Pytanie po co robić makaron w domu skoro można go kupić w każdym sklepie? Do koloru, do wyboru,włoskie, polskie, o każdej porze dnia i nocy? Na niedobór różnego rodzaju past nie będziemy nigdy narzekać, wydaje się wręcz, że alejka z makaronami tajemniczo się powiększa...A jednak postanowiłam zakupić maszynkę do makaronu i po wypróbowaniu dwóch przepisów wiem już, że nigdy nie skorzystam z żadnego innego niż z tego, który dziś umieszczam na blogu. Żółciutki, miękki, sprężysty, po prostu zjawisko samo w sobie. Obok pieczenia chleba, robienie własnych klusek wzbudza w człowieku jakieś pierwotne instynkty i pozwala na chwilę się zatrzymać, doceniać pracę własnych rąk
. Dla mnie to powrót do czasów, kiedy wszystko było normalne i proste.

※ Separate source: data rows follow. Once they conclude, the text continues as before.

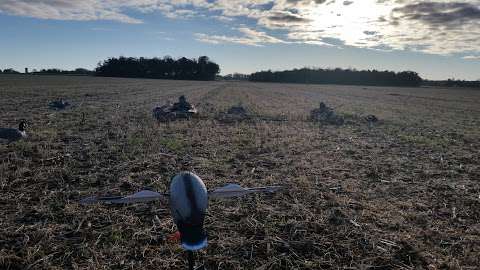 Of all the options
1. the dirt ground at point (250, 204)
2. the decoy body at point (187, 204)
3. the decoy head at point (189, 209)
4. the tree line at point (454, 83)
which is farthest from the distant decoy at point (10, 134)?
the tree line at point (454, 83)

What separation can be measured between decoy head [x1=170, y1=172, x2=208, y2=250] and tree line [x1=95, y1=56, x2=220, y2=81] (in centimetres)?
12112

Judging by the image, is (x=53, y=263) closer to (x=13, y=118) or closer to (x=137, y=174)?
(x=137, y=174)

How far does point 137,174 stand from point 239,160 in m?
2.29

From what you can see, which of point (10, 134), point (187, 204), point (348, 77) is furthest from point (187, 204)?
point (348, 77)

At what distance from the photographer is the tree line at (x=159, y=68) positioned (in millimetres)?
117562

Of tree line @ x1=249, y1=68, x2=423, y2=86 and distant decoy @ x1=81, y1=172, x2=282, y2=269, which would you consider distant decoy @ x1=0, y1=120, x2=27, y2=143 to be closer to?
distant decoy @ x1=81, y1=172, x2=282, y2=269

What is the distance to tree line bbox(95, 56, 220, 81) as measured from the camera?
386 ft

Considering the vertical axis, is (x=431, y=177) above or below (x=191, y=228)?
below

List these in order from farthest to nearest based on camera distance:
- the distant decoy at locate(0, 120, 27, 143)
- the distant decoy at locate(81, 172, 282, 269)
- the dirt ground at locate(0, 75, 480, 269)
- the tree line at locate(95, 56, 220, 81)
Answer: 1. the tree line at locate(95, 56, 220, 81)
2. the distant decoy at locate(0, 120, 27, 143)
3. the dirt ground at locate(0, 75, 480, 269)
4. the distant decoy at locate(81, 172, 282, 269)

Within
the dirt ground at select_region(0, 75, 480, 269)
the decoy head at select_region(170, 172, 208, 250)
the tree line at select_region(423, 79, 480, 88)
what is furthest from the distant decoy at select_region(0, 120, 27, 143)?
the tree line at select_region(423, 79, 480, 88)

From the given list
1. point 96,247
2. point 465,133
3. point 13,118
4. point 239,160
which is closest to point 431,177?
point 239,160

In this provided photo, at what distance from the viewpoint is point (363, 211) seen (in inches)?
196

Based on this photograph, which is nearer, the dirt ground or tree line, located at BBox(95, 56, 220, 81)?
the dirt ground

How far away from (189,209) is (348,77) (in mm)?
120265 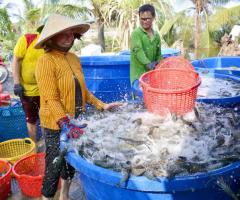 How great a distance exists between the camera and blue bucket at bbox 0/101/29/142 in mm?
4809

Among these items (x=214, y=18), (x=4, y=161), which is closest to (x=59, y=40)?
(x=4, y=161)

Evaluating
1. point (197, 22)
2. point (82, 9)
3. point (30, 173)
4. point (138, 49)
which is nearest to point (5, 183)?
point (30, 173)

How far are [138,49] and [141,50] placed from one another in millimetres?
38

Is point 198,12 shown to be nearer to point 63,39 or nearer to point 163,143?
point 63,39

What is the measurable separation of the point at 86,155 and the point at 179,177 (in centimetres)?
67

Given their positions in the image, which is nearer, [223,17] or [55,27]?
[55,27]

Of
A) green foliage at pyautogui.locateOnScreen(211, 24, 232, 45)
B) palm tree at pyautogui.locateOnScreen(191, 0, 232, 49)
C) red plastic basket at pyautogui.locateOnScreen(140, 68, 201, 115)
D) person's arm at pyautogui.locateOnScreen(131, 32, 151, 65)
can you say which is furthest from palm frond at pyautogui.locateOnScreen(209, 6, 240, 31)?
red plastic basket at pyautogui.locateOnScreen(140, 68, 201, 115)

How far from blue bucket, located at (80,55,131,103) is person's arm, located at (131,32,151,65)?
45.0 inches

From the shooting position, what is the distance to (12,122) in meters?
4.85

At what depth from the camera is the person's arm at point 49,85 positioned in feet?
8.56

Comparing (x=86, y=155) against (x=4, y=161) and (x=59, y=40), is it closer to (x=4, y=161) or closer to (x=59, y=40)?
(x=59, y=40)

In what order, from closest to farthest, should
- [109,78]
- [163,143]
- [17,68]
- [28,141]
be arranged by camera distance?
[163,143]
[17,68]
[28,141]
[109,78]

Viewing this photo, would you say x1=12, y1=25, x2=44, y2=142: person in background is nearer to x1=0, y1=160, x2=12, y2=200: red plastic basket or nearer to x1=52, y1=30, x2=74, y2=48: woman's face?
x1=0, y1=160, x2=12, y2=200: red plastic basket

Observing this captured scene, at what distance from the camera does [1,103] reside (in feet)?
18.2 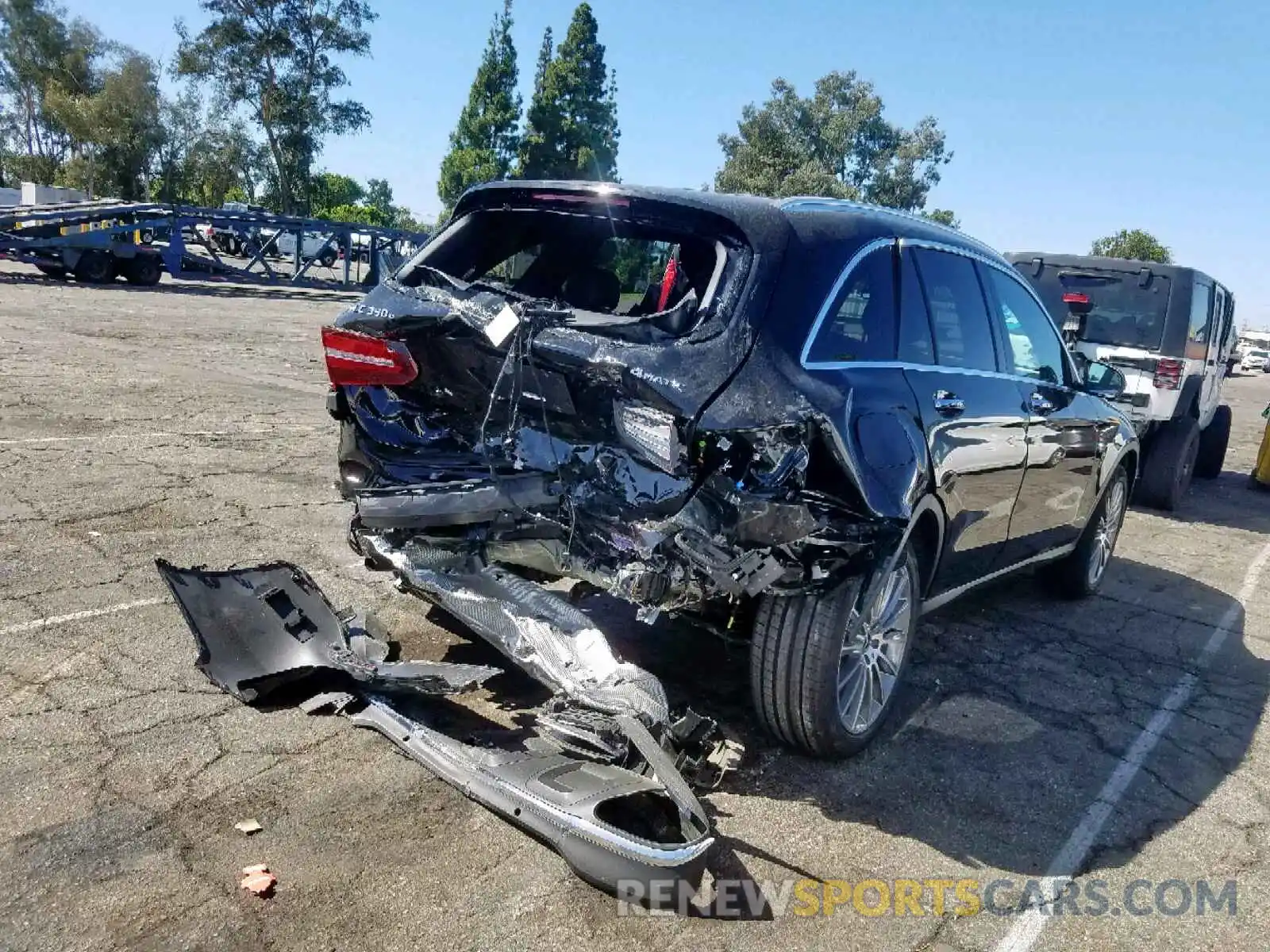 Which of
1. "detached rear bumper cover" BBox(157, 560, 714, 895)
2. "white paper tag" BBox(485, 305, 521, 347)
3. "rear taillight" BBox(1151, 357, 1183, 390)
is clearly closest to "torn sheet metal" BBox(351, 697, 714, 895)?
"detached rear bumper cover" BBox(157, 560, 714, 895)

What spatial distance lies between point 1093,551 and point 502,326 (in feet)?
13.8

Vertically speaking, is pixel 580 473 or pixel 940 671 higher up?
pixel 580 473

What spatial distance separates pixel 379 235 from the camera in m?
27.8

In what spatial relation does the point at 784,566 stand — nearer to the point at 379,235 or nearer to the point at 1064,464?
the point at 1064,464

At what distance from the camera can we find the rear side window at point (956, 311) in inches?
159

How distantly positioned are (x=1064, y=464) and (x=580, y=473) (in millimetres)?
2904

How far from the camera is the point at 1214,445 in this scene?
1165 centimetres

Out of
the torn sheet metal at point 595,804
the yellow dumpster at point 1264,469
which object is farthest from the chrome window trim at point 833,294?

Przepis podstawowy (dla 1 osoby):
(z
Kwestii smaku)
- 100 g mąki pszennej (najlepiej włoskiej typu 00)
- 1 jajko
- 1 żółtka
- około 1/4 szklanki ciepłej wody
- po 1/2 łyżeczki soli i oliwy
Na
stolnicę lub blat przesiać mąkę, dodać sól, zrobić wgłębienie, wbić
jajko i żółtka, dolać oliwę, łączyć ze sobą składniki podlewając wodą.
Zagnieść gładkie i sprężyste ciasto, uformować kulkę. Przykryć
ściereczką i odstawić na 1/2 godziny. Rozwałkować na placek, podsypując
mąką. Podzielić na pół, posypać mąką i ułożyć obie połówki jedna na
drugą odwrotnie niż leżały. Zwinąć je w rulon i pokroić. Rozsypać kluski
po stolnicy. Zagotować i osolić wodę. Makaron gotować do czasu aż
będzie al
dente.
Uwaga: Makaron na stolnicy może się posklejać, ale po wrzuceniu go do wrzącej wody, sam się rozdzieli, wystarczy szybko pomieszać go drewnianą łyżką.